Tuesday, June 29, 2010

Dharamshala… Dalai Lama!








18th June, 2010

The morning we left for Dharamshala, Clodagh came down into the lobby pale with wide-eyed calm. In her distinct Irish accent she announced:

‘There’s a monkey in our room.’

I keeled over with laughter. What an awesome way to start a day! Waking up to a monkey sitting on your coffee table chewing on the remote control. HAHAHAHAHA! Tom and Clo had left their windows open to air out their room overnight, thinking that their room was high enough out of reach of monkeys. Uhhh…they’re monkeys.

The monkeys are funny here. Ha-ha and peculiar. It’s so strange to see these aggressive little red-faced creatures, freely mingling with people. They self-importantly perch themselves on over-hanging branches, looking down at us ground-ridden people, probably thinking, ‘too bad I’m not the species that throws its own faeces’.

I was really excited about Dharamshala. It’s the mountainous refuge home of the Dalai Lama! The DALAI LAMA people! He’s such a rock star. He was on tour in Japan at the time of our stay so unfortunately there was not to be an encounter. We did, however, see his Number One Groupie, sitting outside his temple grounds, digging into a full-sized watermelon, wrapped in the Tibetan flag, cackling good naturedly at passers-by. We couldn’t figure out if he was a she or she was a he. Then the mystery was solved when she stood up and waddled past us with her huge boobs knocking about her knees. She’s become well known in town. We were told she arrived at Dharmashala from America about 6 months prior, in search of an answer. What the question was…no one knows…but she is convinced that the Dalai Lama is the answer. She has sworn devotion to him and constantly demands private audience with him. Each time his Holiness politely declines. Many have criticized her craziness and don’t understand why the Dalai Lama won’t send her away. But being as gracious and compassionate as he is, he allows her on to the temple grounds with tour groups and helped her extend her Visa so that she can stay close to him.

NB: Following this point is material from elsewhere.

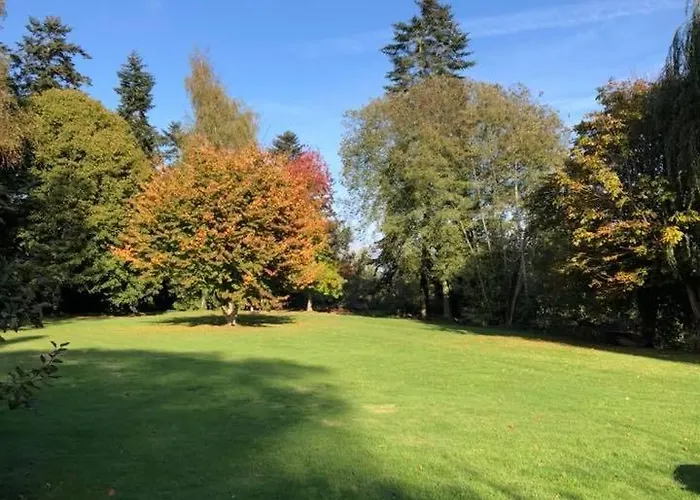 Du Chateau De La Motte *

Dharamshala attracts all sorts of people (obviously). But it mainly attracts the soul-searchers and hippies. Dreadlocks, harem pants (baggy pants that grip the ankles and the crotch hangs at the knees), beaded jewellery, sunkissed skin, the lingering scent of cannabis as they hippy-on by… yeah, man, serenity now. Looking past all that, I observed to my fellow traveler, English Adam, that the majority of these seekers were young and really good-looking. He agreed and said that these people were likely to have come from middle to upper-class families. I cocked my head with curiosity and asked him to elaborate. He said it’s a sad-but-true fact that good-lookers have more chances for better opportunities with job prospects and end up more prosperous and therefore end up with more freedom to do things such as travel. All these young, attractive people milling about Dharamshala can afford the time and the luxury to ‘find themselves’ because either their families will have their back, or opportunities will simply arise or be waiting. I nodded. They have it easier. Putting livelihood opportunities aside, being aesthetically-gifted often extends into the confidence of facing the world. The way I see it: the world is made up of people. And the world is much more accepting and willing to help when you present yourself with the confidence usually associated with ‘beauty’. But you know what I think? If you’re picture perfect, with perfect symmetry and facial proportions but have the stinkiest, darkest, unpleasant attitude- you’ll still come across pretty, bloody ugly. No one’s going to help you, or want you, or even be around you. So I don’t think it’s all about the appearance- it’s about the SMILE. A genuine I’m-pleased-to-be-in-your-presence smile. It starts from there. And then the world is a much more pleasant and everything blooms and falls into place.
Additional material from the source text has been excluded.